## [Exercise goal]
Look for the word "false" in the entries and copy every line where it shows up.

Web page caption snippets
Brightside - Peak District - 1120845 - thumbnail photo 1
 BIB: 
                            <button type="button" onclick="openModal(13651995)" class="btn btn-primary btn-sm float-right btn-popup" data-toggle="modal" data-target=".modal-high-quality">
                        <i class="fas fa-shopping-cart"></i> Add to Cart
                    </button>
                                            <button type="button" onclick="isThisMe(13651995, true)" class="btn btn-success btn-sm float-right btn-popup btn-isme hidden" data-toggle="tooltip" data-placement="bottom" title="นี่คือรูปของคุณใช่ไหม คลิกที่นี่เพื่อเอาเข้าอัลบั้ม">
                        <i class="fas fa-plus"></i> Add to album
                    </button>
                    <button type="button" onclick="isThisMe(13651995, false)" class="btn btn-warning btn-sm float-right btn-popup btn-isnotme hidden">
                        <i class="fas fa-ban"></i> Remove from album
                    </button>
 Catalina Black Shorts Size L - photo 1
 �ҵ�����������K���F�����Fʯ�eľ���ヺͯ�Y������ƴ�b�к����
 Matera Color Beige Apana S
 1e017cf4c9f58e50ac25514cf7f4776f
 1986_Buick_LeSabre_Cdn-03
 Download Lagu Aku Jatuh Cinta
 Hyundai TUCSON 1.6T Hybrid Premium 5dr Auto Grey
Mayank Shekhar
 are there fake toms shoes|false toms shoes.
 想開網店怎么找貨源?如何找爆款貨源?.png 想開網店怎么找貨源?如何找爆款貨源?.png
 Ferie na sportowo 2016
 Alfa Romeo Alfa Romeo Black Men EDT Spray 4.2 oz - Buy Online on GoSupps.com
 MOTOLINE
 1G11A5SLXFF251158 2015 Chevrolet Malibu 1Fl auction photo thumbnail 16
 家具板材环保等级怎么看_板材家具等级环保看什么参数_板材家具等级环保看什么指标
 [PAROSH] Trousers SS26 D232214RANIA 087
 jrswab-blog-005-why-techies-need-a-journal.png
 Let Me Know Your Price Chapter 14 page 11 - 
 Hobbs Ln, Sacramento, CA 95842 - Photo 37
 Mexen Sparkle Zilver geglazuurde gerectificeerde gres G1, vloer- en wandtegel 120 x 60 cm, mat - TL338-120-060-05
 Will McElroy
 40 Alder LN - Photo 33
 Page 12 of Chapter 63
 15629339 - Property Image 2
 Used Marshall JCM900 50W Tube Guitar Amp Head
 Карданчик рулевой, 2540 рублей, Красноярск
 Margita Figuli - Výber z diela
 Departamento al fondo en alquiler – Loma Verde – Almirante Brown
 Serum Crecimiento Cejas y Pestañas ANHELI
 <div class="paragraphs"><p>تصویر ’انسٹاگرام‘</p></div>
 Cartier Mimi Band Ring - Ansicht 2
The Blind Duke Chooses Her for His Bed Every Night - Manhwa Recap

## [Solution for this problem]
                    <button type="button" onclick="isThisMe(13651995, false)" class="btn btn-warning btn-sm float-right btn-popup btn-isnotme hidden">
 are there fake toms shoes|false toms shoes.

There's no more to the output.